First let's check that we can access the artist and song name for just the **first track**.

In [5]:
tree      = etree.parse('data7.xml')

track     = tree.find('dict/dict/dict')  # track details stored in the third nested <dict> element


for key in track.findall('key'):         # cycle through all <key> elements in the track
    if key.text == 'Artist':             # check whether this is the Artist key
        artist = key.getnext().text      # get the text from the next element (the <string> element)
    elif key.text == 'Name':             # check whether this is the Name key
        song_name = key.getnext().text   # get the text from the next element (the <string> element)

print(artist)
print(song_name)

Girl Talk
Play Your Part (Pt. 1)


Great! We have successfully accessed the artist and song names.

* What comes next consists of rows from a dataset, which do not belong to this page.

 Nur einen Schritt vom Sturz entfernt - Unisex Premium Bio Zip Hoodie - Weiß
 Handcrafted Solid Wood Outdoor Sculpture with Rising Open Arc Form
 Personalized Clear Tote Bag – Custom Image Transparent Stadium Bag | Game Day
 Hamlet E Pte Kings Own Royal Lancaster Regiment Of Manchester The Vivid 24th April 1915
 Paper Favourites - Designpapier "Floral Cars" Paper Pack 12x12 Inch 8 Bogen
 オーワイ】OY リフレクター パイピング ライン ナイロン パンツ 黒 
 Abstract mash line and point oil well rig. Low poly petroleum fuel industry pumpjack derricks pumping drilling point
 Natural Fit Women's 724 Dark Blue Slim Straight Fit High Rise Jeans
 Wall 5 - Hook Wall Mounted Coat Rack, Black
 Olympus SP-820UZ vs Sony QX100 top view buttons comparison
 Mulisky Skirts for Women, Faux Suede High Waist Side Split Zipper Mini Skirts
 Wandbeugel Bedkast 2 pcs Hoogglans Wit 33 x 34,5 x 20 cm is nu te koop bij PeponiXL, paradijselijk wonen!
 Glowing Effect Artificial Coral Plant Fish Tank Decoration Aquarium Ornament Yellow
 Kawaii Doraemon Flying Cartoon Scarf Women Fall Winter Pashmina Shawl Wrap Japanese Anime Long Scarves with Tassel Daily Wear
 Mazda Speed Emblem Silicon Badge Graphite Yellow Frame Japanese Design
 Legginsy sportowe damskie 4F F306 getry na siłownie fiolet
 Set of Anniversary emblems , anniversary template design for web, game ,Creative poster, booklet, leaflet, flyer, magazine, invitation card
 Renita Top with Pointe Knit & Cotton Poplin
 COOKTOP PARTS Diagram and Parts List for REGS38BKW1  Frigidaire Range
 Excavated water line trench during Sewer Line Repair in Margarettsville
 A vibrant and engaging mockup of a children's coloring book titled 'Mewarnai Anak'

Next, let's try retrieving artist and song names for all tracks.

In [6]:
tracks    = tree.findall('dict/dict/dict')  # all tracks

for track in tracks:
    artist    = None                     # initialize the artist name for this track
    song_name = None                     # initialize the artist name for this track
    for key in track.findall('key'):     
        if key.text == 'Artist':         
            artist = key.getnext().text
        elif key.text == 'Name':
            song_name = key.getnext().text
    print(artist, '-', song_name)

Girl Talk - Play Your Part (Pt. 1)
Girl Talk - Shut The Club Down
Girl Talk - Still Here
Girl Talk - What It's All About
Girl Talk - Set It Off
Girl Talk - No Pause
Girl Talk - Like This
Girl Talk - Give Me A Beat
Girl Talk - Hands In The Air
Girl Talk - In Step
Girl Talk - Let Me See You
Girl Talk - Here's The Thing
Girl Talk - Don't Stop
Girl Talk - Play Your Part (Pt. 2)
Nirvana - Smells Like Teen Spirit
Nirvana - In Bloom
Nirvana - Come As You Are
Nirvana - Breed
Nirvana - Lithium
Nirvana - Polly
Nirvana - Territorial Pissings
Nirvana - Drain You
Nirvana - Lounge Act
Nirvana - Stay Away
Nirvana - On A Plain
Nirvana - Something In The Way
Bush - Everything Zen
Bush - Swim
Bush - Bomb
Bush - Little Things
Bush - Comedown
Bush - Body
Bush - Machinehead
Bush - Testosterone
Bush - Monkey
Bush - Glycerine
Bush - Alien
Bush - X-Girlfriend
Steve Martin - Born Standing Up: A Comic's Life (Unabridged)
Tom Merritt, Becky Worley, Sarah Lane and Jason Howell - Tech News Today 187: To Xoom Or No

Excellent!

Now let's extract all song names for only the artist: Nirvana.

In [7]:

tracks    = tree.findall('dict/dict/dict')

song_names = []

for track in tracks:
    artist    = None                     # initialize the artist name for this track
    song_name = None                     # initialize the artist name for this track

    for key in track.findall('key'):

        if key.text=='Artist':
            artist = key.getnext().text
            if artist == 'Nirvana':
                artist_found = True
            else:
                artist_found = False
        
        elif key.text == 'Name':
            song_name = key.getnext().text
    
    if artist_found:
        song_names.append( song_name )
    

for name in song_names:
    print(name)



Smells Like Teen Spirit
In Bloom
Come As You Are
Breed
Lithium
Polly
Territorial Pissings
Drain You
Lounge Act
Stay Away
On A Plain
Something In The Way


Stupendous!

We have successfully achieved our goal of extracting all song names by the artist Nirvana.